A dilemma in the management of CHCF is whether to follow them expectantly or to terminate the pregnancy. With a partial mole and coexisting live fetus, there is a high chance of fetal malformation and growth restriction because of associated triploidy . Also, patients need to be counseled about all possible risks associated with CHCF, including the potential evolution to a gestational trophoblastic neoplasia . The incidence of CHCF is increasing with in vitro fertilization, ovulation stimulation, and other fertility procedures . In this unique case, the diagnosis of CHCF was made following delivery. Although cytogenetic studied were not performed, the karyotype was 46XX with a histology report supporting CHCF. However, in most situations, CHCF will be diagnosed after delivery as diagnosis can be reached only by invasive methods . We should consider the possibility of CHCF in patients with vaginal bleeding and an ultrasound abnormality suggestive of a placental mass. If there is a strong suspicion of CHCF, an amniocentesis should be performed to rule out triploidy associated with a partial hydatidiform mole.

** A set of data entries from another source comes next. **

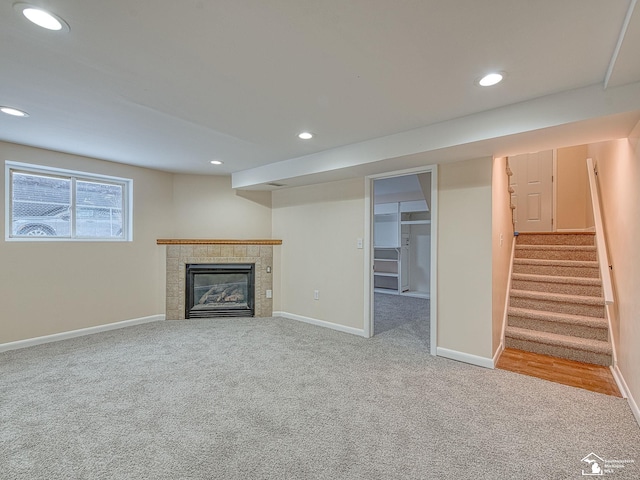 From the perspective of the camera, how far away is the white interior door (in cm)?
524

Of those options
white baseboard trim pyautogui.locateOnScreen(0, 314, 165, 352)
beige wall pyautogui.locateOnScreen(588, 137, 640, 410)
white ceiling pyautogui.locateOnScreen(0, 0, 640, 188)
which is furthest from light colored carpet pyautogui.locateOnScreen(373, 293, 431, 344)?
white baseboard trim pyautogui.locateOnScreen(0, 314, 165, 352)

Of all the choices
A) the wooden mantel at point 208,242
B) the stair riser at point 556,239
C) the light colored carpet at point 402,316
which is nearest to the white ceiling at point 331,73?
the wooden mantel at point 208,242

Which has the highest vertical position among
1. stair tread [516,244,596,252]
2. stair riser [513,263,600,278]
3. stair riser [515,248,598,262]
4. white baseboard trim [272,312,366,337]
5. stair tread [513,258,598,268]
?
stair tread [516,244,596,252]

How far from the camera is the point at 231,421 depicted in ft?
6.59

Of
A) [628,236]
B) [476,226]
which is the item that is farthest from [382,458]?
[628,236]

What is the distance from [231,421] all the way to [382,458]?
0.98m

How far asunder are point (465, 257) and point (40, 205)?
4787mm

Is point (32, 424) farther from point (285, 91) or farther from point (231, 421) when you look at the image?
point (285, 91)

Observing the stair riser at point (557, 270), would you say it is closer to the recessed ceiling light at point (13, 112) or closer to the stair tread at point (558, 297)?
the stair tread at point (558, 297)

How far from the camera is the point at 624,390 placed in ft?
7.78

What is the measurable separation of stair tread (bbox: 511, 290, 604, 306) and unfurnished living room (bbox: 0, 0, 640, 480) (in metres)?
0.02

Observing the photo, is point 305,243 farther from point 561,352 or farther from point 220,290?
point 561,352

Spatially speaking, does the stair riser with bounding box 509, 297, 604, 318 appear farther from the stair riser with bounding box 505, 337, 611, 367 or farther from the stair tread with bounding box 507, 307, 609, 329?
the stair riser with bounding box 505, 337, 611, 367

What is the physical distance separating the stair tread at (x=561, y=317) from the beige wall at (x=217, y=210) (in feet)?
11.7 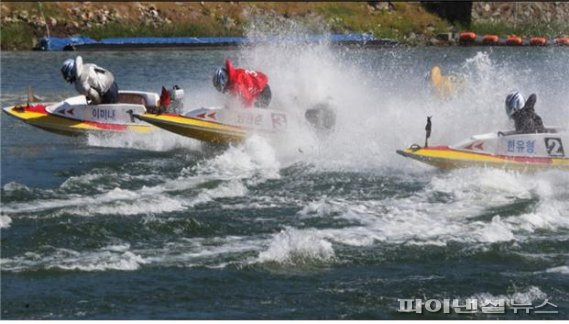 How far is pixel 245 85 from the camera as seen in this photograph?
27.3 metres

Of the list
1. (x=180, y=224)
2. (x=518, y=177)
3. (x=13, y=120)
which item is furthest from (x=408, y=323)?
(x=13, y=120)

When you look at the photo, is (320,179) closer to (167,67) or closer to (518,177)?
(518,177)

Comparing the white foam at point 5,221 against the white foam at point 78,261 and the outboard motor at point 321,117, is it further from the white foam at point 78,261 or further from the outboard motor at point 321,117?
the outboard motor at point 321,117

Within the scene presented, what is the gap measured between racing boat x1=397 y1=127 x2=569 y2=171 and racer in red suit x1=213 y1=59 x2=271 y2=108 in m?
5.03

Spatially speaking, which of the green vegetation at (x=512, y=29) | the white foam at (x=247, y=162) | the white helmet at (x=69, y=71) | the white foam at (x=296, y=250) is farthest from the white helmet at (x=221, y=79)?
the green vegetation at (x=512, y=29)

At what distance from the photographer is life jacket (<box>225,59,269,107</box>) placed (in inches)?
1074

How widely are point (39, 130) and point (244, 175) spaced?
32.2 ft

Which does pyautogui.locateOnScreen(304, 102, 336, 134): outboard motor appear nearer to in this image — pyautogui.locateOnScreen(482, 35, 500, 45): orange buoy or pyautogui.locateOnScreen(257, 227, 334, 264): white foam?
pyautogui.locateOnScreen(257, 227, 334, 264): white foam

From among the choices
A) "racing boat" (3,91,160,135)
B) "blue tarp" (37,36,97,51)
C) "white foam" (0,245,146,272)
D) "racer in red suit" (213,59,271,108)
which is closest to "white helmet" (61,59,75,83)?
"racing boat" (3,91,160,135)

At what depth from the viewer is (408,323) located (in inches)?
609

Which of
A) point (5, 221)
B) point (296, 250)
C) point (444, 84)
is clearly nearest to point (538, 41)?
point (444, 84)

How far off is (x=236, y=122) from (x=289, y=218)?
676 cm

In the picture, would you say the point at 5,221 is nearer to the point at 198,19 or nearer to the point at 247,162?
the point at 247,162

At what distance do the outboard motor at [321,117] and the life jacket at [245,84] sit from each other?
1.28 metres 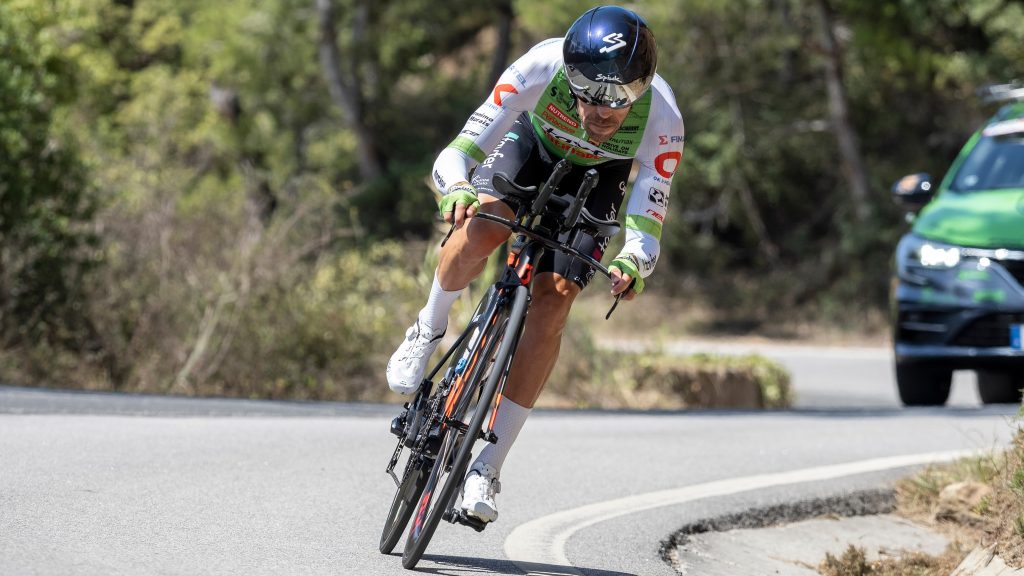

In conclusion, a detailed explanation and discussion about the risks and poor outcomes should be provided to the patient. Informed consent for interventions that may prolong the pregnancy should be obtained. A patient who desires to continue with the pregnancy needs close surveillance for early detection of maternal complications. The patient should be followed with ultrasonography and beta-hCG level measurements . Pertinent tests to rule out hyperthyroidism, pre-eclampsia, thrombolytic disease, as well as cervical length should be considered. Furthermore, regardless of the obstetrical risk associated with CHCF, our recommendation is to be prepared for possible procedures, such as a rescue cerclage for cervical indications. Our patient had a questionable history of cervical insufficiency, and advanced cervical dilation. Rescue cerclage was performed and the pregnancy continued until viability was reached. This unique pregnancy resulted in a healthy mother and child.
Written informed consent was obtained from the patient for the publication of this case report.
None of the authors have a conflict of interest. No financial support, supplies or services were received from a commercial organization. No funding was received from the National Institutes of Health or any other institute.
All authors read and approved the final manuscript.